The 25-year-old Albanian national was arrested after police, accompanied by electricity company engineers, visited a property in Ouston, near Chester-le-Street, on Monday, June 20.

Durham Crown Court heard that it was suspected the power supply had been tampered with at the property, in The Oval.

Lewis Kerr, prosecuting, said the door had to be forced open to enable the officers to gain access, but Rama ran off and was apprehended and arrested later.

Officers searching the property found three rooms given over to the production of cannabis, with a total of 238 plants in various stages of growth recovered.

Mr Kerr said the estimated value of the cannabis in terms of sales was put at £75,000.

The growing equipment found in the three rooms was valued at £11,000, and the defendant’s fingerprints were recovered from some of the seized items.

Mr Kerr said although three mobile phones were also found at the address, there was no evidence of involvement in dealing the farmed cannabis found on them.

But he said due to the number of plants involved it was considered that as the “gardener”, Rama played a "significant role" in the operation.

Mark Styles, in mitigation, said the defendant came to the UK illegally in 2018 intending to find work to enable him to send money home for his mother, to help her look after his two older disabled brothers.

He initially found employment on a construction site in London, but it was someone working there, also of Albanian origin, who offered him work in the North East and facilitated his move to the address at Ouston to look after the plants.

Read more: Cannabis plants were growing 'wall to wall' in two bedrooms of Thornley house

Mr Styles said Rama played no part in the setting up or equipping of the ‘farm’, as the grow was already underway when he arrived.

He was promised payment when the crop was fully harvested, so he never actually received any remuneration for his efforts, due to the police interruption of the operation.

“It would have been a small amount, but the exact figure is not clear.

“He had no influence on those above him in the chain and no financial control.”

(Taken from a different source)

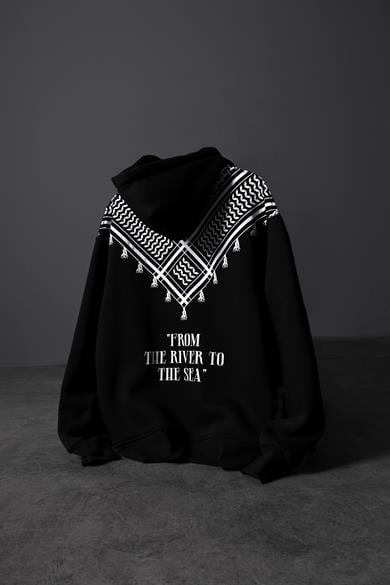 Erkek Siyah Sırt Şal Desen Oversize Kapüşonlu Sweatshirt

Judge Ray Singh described it as “an extremely professional set-up” and the defendant would have been aware of its scale.

“The equipment used had cost somebody the best part of £11,000.

“Whoever installed that level of equipment was clearly going to expect to make a profit from it.”

He told Rama: “People like you play a crucial part in the grow process and there can be no doubt you knew of the scale of the operation, involving 238 plants.

“And, you were expecting some financial reward for your part in the work.”

Passing sentence, Judge Singh told Rama: “You will serve half of the sentence in custody and, thereafter, automatic deportation should take place.”

The judge also ordered forfeiture and destruction of the seized plants and equipment.